Manchester City Council (25 003 714)
Category : Children's care services > Child protection
Decision : Closed after initial enquiries
Decision date : 11 Sep 2025
The Ombudsman's final decision:
Summary: We will not investigate Mr X’s complaint about a child protection conference decision. It is a multiagency organisation which we will not investigate, and he has already had a review conference and another is arranged. Our investigation is unlikely to achieve more.
The complaint
- Mr X says the Council should not have refused his request for an appeal of a Children Protection Conference (CPC) recommendation the Council should have a child protection plan (CPP).
The Ombudsman’s role and powers
- We investigate complaints about ‘maladministration’ and ‘service failure’, which we call ‘fault’. We must also consider whether any fault has had an adverse impact on the person making the complaint, which we call ‘injustice’. We provide a free service, but must use public money carefully. We do not start or continue an investigation if we decide there is no worthwhile outcome achievable by our investigation. (Local Government Act 1974, section 24A(6), as amended, section 34(B))
How I considered this complaint
- I considered information provided by Mr X and the Council’s reply to him.

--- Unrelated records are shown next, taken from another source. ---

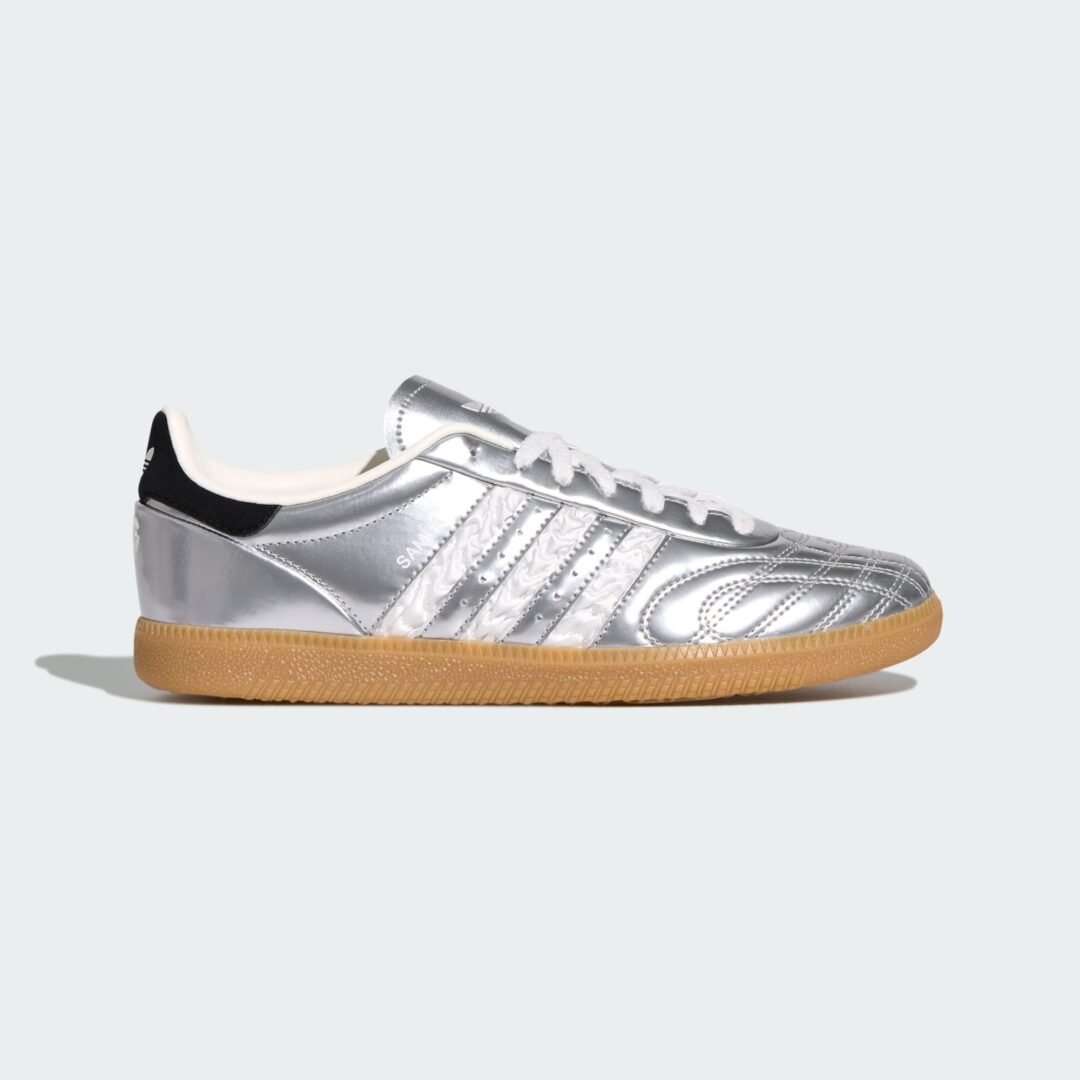 【BILLY’S EXCLUSIVE・2025年 12/27 発売】adidas Originals SAMBA JP “Silver/Blue” (ビリーズ アディダス オリジナルス サンバ “シルバー/ブルー”) [HP7105/KJ7302]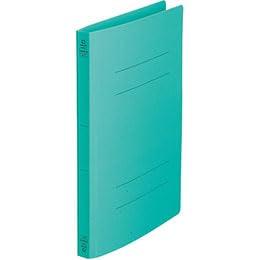 KING JIM Flat File Quick-In PP Green KJ-4432-GRX20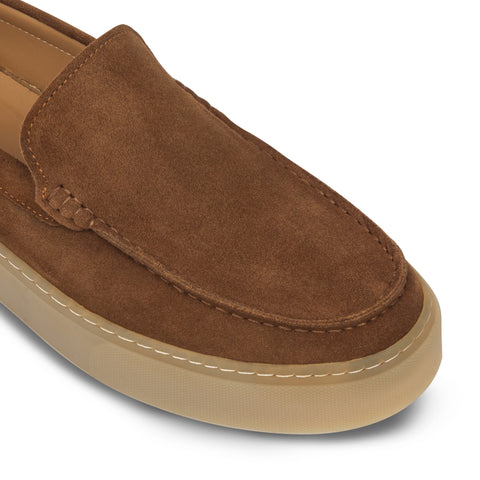 Carlo Slip On Brown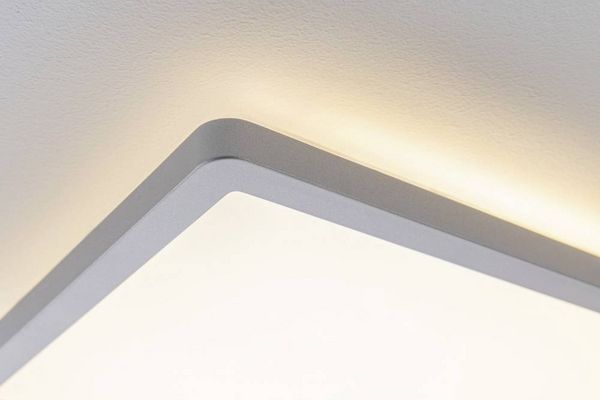 Produktbild: Paulmann Atria Shine 70996 LED-Deckenleuchte 22W Warmwei&szlig; Chrom (matt)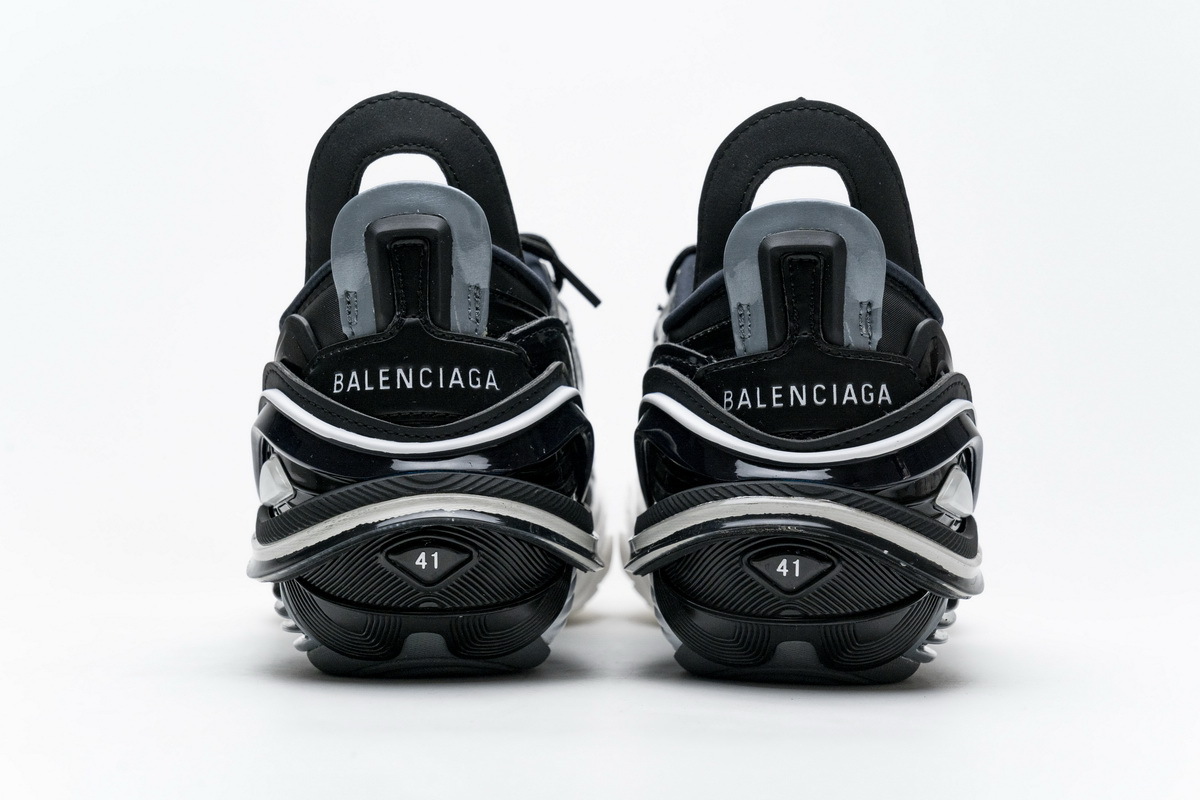 Get Balenciaga Tyrex 5.0 Sneaker Black White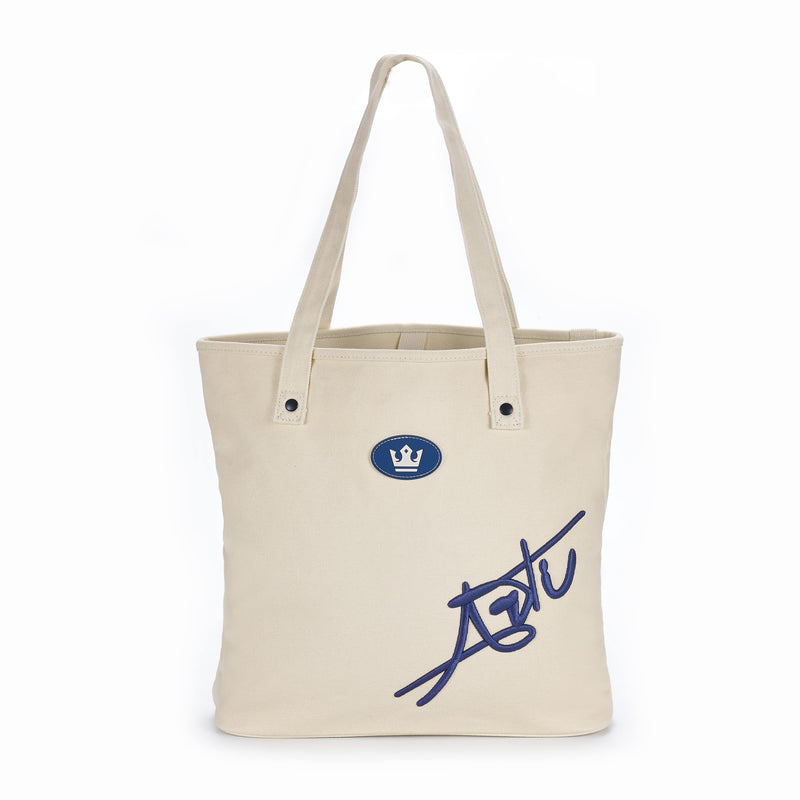 ARTI Cream Tote Bag-1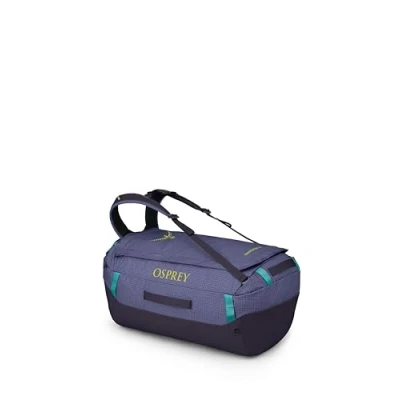 Abbildung von Osprey Transporter 65 euphoria purple ink Rucksäcke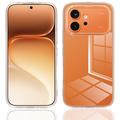 Custodia Ibrida Antigraffio per Honor 600/600 Pro - Trasparente
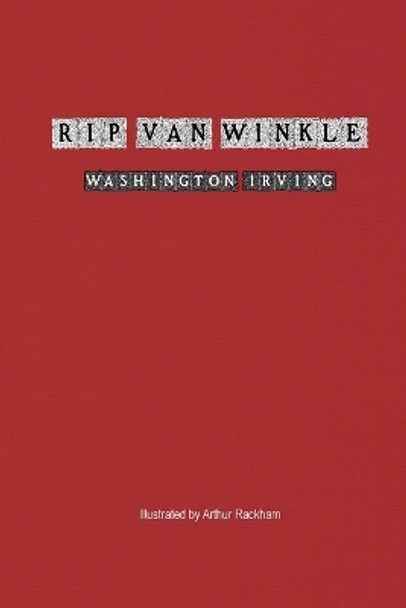 Rip Van Winkle by Washington Irving 9781774818169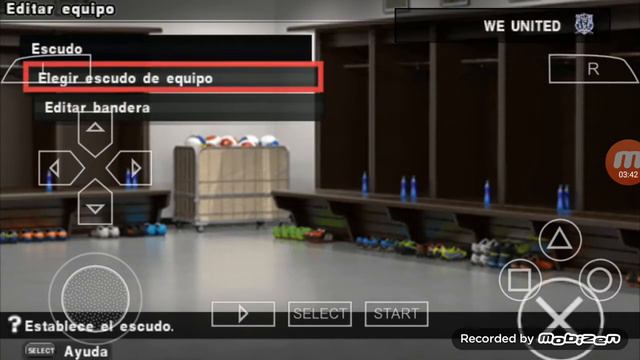 Pasar Escudos de PES 2013 PSP a PES 2014 PSP смотреть онлайн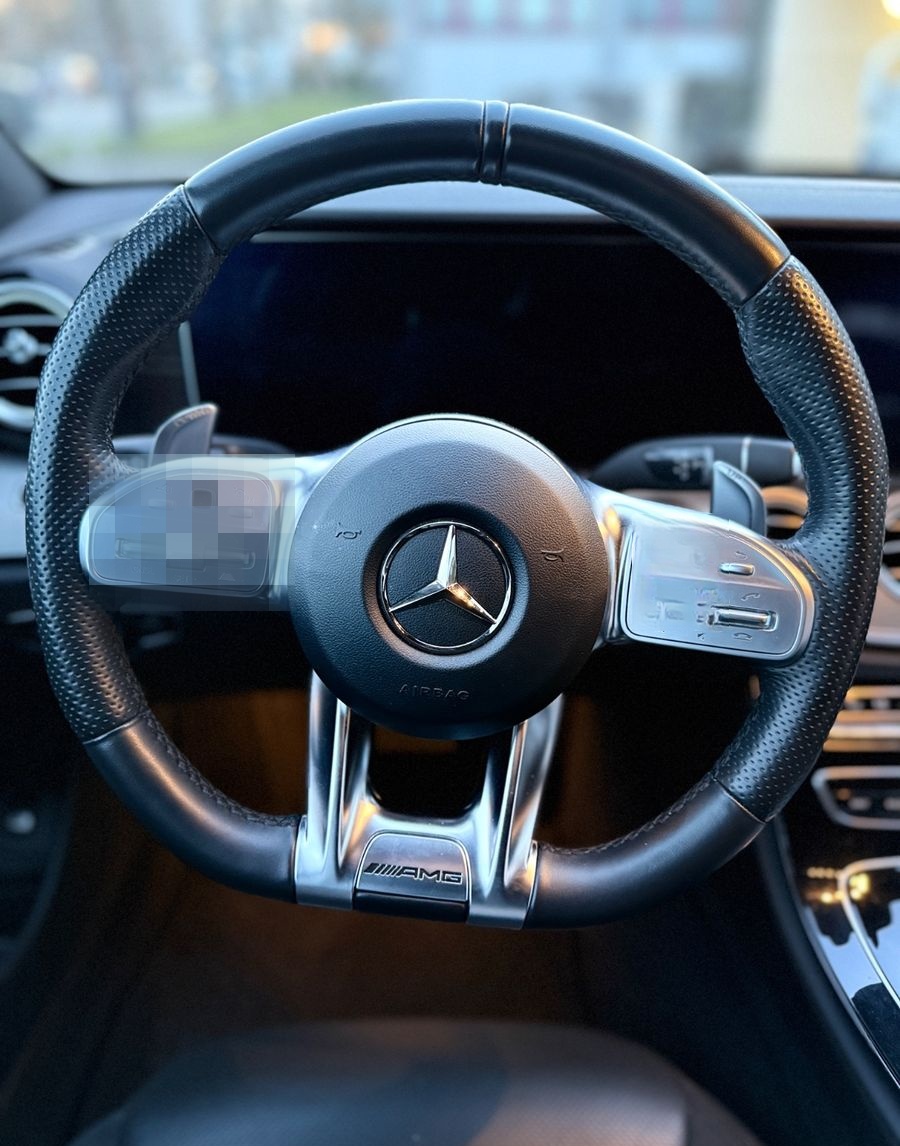 Mercedes-Benz E 53 AMG E  4Matic+ Hybrid foto 20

- I considered the Ombudsman’s Assessment Code.
My assessment
- Mr X says the Council held a CPC for his family in February 2025. He says he challenged this CPC and the Council held a new CPC in April. He says it then held a review CPC in August and another one is set for October.
- Mr X challenged on multiple grounds, the April 2025 CPC decision to recommend a CPP. The Children’s Safeguarding Review Services considered this and in May told Mr X it would not uphold his appeal. Mr X disagrees. He says his appeal meets the policy and procedure and the appeal decision does not.
- A CPC decision is not one we can investigate. These decisions are made by multiagency organisations and not the Council. The CPC recommends to the Council that it should have a CPP. The Council then has to decide whether to accept that recommendation. We can consider that decision however here we will not. If we were to decide the Council’s decision had been made with fault, the likely recommendation we would make would be to hold a review CPC. Mr X has already had one review CPC since the decision he disputes and another is arranged. Our investigation is unlikely to achieve more than this.
Final decision
- We will not investigate Mr X’s complaint because there is no worthwhile outcome achievable.